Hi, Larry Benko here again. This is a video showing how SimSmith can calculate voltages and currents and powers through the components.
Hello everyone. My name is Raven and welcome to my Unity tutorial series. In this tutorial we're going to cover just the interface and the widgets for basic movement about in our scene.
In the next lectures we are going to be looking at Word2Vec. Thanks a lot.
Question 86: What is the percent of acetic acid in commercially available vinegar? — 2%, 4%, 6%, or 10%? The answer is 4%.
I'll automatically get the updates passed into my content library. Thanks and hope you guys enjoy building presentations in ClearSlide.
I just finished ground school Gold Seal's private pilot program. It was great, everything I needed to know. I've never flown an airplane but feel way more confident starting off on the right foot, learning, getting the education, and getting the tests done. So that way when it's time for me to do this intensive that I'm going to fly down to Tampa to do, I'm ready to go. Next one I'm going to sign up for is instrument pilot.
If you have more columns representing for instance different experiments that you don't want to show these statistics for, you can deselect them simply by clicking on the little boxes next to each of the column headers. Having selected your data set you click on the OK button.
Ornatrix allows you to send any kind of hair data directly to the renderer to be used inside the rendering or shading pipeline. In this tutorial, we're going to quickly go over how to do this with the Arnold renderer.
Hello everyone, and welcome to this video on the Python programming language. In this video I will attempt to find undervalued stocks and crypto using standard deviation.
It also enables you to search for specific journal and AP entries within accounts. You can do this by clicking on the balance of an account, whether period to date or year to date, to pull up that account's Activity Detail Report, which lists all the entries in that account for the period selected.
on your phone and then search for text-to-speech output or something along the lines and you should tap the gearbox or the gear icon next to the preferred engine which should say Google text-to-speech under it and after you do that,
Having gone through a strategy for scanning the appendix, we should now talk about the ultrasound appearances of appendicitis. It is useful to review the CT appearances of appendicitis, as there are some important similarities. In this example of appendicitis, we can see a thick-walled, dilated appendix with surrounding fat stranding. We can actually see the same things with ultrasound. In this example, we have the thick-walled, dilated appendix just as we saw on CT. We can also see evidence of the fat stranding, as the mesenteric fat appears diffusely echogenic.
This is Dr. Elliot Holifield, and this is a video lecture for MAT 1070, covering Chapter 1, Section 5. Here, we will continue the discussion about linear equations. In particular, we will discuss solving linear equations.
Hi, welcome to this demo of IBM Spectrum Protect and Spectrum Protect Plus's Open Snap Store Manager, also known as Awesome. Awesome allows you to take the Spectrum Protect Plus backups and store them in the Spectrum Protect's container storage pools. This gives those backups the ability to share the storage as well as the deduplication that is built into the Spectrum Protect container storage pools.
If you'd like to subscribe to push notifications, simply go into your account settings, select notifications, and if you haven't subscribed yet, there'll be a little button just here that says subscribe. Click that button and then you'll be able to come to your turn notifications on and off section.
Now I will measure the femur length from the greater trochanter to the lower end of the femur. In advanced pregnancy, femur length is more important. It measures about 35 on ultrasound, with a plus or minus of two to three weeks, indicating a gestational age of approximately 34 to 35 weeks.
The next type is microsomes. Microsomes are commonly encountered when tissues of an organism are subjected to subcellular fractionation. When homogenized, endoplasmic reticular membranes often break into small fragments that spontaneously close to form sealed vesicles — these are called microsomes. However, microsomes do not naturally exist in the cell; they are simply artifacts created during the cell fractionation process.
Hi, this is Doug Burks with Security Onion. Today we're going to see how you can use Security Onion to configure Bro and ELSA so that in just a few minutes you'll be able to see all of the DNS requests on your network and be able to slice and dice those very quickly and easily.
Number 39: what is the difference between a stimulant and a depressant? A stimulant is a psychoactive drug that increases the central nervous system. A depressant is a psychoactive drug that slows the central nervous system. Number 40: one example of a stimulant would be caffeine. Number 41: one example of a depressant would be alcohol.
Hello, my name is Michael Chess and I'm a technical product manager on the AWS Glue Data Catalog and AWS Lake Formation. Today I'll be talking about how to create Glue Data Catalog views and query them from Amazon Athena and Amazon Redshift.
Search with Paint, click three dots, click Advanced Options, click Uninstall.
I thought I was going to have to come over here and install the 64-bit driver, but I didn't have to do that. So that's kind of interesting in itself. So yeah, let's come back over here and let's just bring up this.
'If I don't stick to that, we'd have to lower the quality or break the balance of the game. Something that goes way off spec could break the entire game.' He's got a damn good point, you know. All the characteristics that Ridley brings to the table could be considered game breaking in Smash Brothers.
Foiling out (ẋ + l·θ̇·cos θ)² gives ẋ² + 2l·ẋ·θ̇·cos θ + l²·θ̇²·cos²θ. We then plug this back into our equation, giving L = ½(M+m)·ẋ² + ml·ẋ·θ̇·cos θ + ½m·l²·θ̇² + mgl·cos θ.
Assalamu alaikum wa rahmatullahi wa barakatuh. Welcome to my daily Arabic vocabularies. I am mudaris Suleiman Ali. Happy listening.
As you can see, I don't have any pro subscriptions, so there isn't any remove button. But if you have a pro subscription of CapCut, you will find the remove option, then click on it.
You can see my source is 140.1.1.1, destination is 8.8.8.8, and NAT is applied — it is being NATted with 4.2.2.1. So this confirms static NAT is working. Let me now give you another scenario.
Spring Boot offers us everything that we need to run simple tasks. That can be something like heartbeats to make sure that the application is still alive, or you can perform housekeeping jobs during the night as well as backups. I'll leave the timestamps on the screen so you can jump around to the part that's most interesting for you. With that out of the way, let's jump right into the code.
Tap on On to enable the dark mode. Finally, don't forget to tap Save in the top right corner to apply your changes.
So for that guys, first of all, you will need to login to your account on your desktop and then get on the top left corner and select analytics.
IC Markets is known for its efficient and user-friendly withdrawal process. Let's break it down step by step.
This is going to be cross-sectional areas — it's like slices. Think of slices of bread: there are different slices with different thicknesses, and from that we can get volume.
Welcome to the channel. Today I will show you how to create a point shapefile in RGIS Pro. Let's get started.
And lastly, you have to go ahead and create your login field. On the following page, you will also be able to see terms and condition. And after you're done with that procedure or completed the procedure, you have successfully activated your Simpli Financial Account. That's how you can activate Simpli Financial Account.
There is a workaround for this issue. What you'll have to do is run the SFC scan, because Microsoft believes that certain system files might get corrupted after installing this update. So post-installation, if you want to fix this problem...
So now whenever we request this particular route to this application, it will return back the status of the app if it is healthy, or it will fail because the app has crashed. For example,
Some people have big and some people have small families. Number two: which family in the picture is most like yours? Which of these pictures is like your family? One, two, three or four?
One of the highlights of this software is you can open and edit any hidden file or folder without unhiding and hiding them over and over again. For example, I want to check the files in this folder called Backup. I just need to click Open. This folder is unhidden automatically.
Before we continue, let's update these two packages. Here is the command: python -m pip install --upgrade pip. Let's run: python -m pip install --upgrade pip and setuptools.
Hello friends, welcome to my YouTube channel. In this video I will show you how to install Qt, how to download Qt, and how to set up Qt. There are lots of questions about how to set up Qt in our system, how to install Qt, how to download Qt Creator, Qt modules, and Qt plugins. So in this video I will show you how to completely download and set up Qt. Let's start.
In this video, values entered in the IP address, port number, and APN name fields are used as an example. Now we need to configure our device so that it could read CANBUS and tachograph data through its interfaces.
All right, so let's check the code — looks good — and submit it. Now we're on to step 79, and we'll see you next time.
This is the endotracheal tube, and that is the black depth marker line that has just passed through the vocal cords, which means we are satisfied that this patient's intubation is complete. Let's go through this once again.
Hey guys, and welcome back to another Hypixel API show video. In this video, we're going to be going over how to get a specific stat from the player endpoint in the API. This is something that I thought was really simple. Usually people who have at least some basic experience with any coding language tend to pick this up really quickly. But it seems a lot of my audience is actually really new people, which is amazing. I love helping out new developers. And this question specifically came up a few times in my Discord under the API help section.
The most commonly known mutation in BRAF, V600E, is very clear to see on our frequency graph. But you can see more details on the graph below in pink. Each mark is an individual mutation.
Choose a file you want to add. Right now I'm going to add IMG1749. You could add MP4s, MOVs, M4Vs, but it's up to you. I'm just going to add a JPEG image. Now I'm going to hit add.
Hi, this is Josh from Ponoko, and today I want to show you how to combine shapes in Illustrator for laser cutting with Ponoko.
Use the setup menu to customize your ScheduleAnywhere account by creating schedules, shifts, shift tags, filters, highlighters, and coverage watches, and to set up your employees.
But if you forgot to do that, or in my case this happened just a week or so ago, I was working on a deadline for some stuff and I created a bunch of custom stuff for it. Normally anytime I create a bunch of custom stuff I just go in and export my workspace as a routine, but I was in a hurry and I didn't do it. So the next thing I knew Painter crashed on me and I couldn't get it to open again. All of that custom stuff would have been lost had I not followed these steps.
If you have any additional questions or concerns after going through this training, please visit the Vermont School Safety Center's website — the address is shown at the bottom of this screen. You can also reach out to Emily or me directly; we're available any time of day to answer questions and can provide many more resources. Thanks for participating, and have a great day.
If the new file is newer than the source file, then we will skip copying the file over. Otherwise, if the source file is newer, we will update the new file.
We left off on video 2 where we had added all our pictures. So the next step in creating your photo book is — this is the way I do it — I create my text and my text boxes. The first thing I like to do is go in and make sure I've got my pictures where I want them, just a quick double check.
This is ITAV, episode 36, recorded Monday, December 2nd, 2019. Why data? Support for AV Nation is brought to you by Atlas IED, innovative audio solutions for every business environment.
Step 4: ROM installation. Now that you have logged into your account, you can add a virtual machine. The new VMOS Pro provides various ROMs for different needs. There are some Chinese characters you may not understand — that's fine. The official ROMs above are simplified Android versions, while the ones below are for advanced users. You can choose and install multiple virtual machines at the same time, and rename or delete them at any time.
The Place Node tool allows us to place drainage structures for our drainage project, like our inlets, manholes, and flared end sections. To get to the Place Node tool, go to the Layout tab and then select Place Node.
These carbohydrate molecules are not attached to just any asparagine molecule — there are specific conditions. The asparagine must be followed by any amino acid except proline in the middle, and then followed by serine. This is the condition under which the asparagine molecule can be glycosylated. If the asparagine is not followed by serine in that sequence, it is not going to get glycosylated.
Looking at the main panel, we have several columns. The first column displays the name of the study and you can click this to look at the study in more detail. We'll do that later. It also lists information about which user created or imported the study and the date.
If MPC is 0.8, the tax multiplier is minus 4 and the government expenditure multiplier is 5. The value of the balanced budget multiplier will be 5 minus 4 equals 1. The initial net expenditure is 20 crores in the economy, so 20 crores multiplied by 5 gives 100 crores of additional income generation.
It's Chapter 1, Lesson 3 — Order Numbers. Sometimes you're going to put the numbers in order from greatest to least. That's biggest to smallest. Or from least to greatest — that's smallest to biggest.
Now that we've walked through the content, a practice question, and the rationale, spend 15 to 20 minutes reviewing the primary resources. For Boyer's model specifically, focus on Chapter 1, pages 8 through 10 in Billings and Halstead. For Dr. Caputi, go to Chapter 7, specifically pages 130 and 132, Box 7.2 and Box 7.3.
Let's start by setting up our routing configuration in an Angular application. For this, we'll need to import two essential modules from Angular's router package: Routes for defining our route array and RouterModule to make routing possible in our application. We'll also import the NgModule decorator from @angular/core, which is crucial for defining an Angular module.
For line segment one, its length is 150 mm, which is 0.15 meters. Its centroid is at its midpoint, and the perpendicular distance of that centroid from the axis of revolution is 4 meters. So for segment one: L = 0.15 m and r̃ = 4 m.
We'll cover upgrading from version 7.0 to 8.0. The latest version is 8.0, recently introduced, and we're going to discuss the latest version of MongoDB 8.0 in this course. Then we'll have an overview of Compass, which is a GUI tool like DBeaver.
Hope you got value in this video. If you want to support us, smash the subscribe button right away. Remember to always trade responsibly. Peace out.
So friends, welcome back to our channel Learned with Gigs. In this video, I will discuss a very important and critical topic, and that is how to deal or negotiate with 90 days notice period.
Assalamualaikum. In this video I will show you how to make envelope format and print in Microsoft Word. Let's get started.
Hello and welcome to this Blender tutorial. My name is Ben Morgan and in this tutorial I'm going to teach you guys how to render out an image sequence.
● ● ● ● ●
» **EXERCISE DETAILS**: When a line of the records includes "different", that line belongs in the answer.

» **TASK RESPONSE**:
If you have more columns representing for instance different experiments that you don't want to show these statistics for, you can deselect them simply by clicking on the little boxes next to each of the column headers. Having selected your data set you click on the OK button.
This is going to be cross-sectional areas — it's like slices. Think of slices of bread: there are different slices with different thicknesses, and from that we can get volume.
Step 4: ROM installation. Now that you have logged into your account, you can add a virtual machine. The new VMOS Pro provides various ROMs for different needs. There are some Chinese characters you may not understand — that's fine. The official ROMs above are simplified Android versions, while the ones below are for advanced users. You can choose and install multiple virtual machines at the same time, and rename or delete them at any time.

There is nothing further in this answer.